Paul von Hindenburg [not Hindenberg] (1847-1934), German soldier, chief of the great general staff during the World War, was born on Oct. 2 1847 at Posen. His full family name was von Beneckendorf und Hindenburg. His promotion was slow; from 1877 to 1884 he served on the general staff, but Hindenburg was 47 years of age when he became colonel, and 49 when he attained a military position of higher importance as chief of the general staff of the VIII. Army Corps. In 1904, when he was 57, he was appointed to the command of the IV. Army Corps, and in 1911 was placed on the retired list, at the instance, it is said, of the Emperor William II (who had criticized maneuvers of his corps). While in command of this Eastern Corps he had thoroughly studied the strategy, and above all the geography, of a possible war with Russia, a fact which was widely known in the German army, but to which the German Emperor docs not appear, at the time, to have attached importance.
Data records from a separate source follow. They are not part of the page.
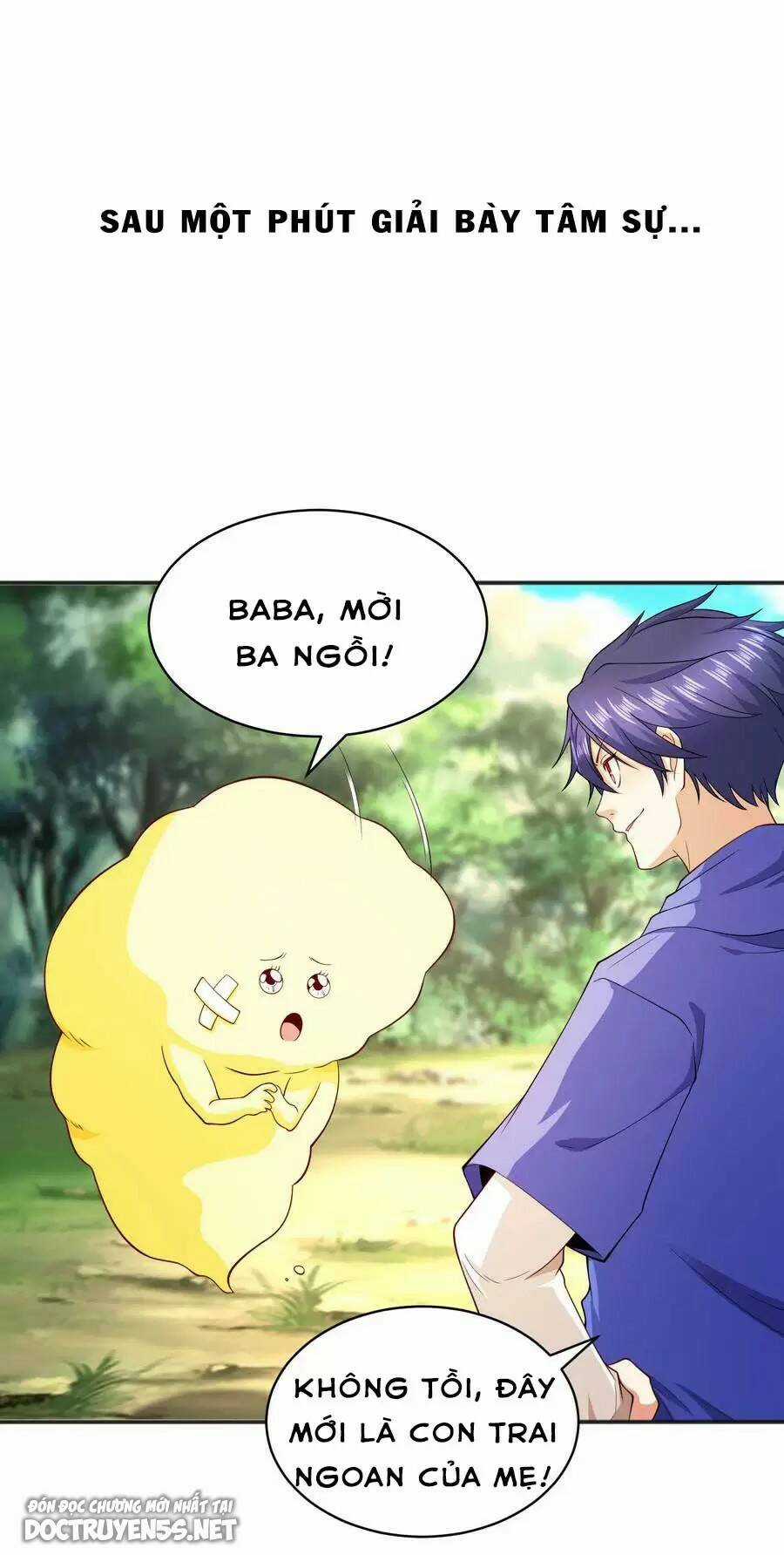 Vô Địch Từ Cưỡng Hôn Ma Nữ Chapter 105 trang 47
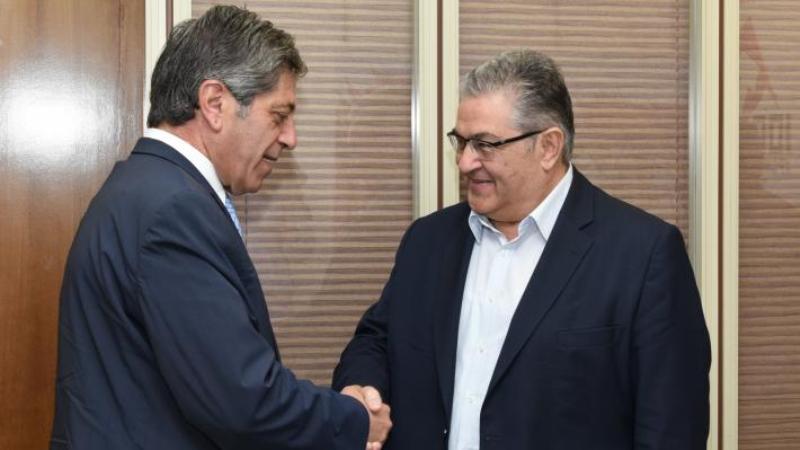 Κουτσούμπας: Να σταματήσει κάθε συνεργασία της κυβέρνησης με το Ισραήλ (Video) - Media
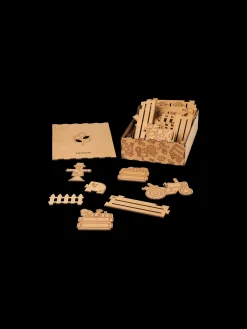 Søstrene Grene Schweiz DIY-Set Harvest Time Brown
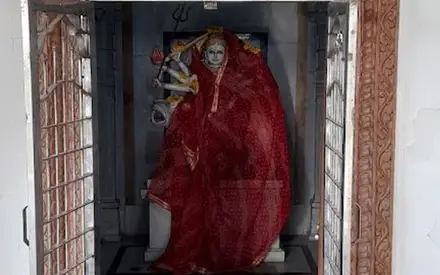 Kanthkot Kanthadnath Temple, Kanthkot Fort, Bhachau Taluka, Vagad region, Kanthkot village, Kutch, Gujarat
When, at the outbreak of the World War, East Prussia was overrun by the armies of Rennenkampf, military opinion turned to Hindenburg, and he was recalled from his retirement at Hanover, and appointed to the command of the VIII Army with Ludendorff as his chief of staff. In August and September he won the victories of Tannenberg and the Masurian Lakes, which were decisive for the deliverance of East Prussia and for the prospects of any Russian advance into Germany, upon which sections of opinion in the Entente countries were reckoning.

In the summer of 1915 he planned and executed a German advance against Riga, Dunaburg and Molodetschno. In acknowledgment of his victories he had meanwhile been advanced, on Aug. 27 1914, to the rank of colonel-general (Generaloberst), and, on Nov. 27 of the same year, to that of fieldmarshal. He had further been appointed, in Nov. 1914, chief in command over the armies of the East, a command which was extended at the beginning of Aug. 1916 so as to embrace sections of the Austrian front.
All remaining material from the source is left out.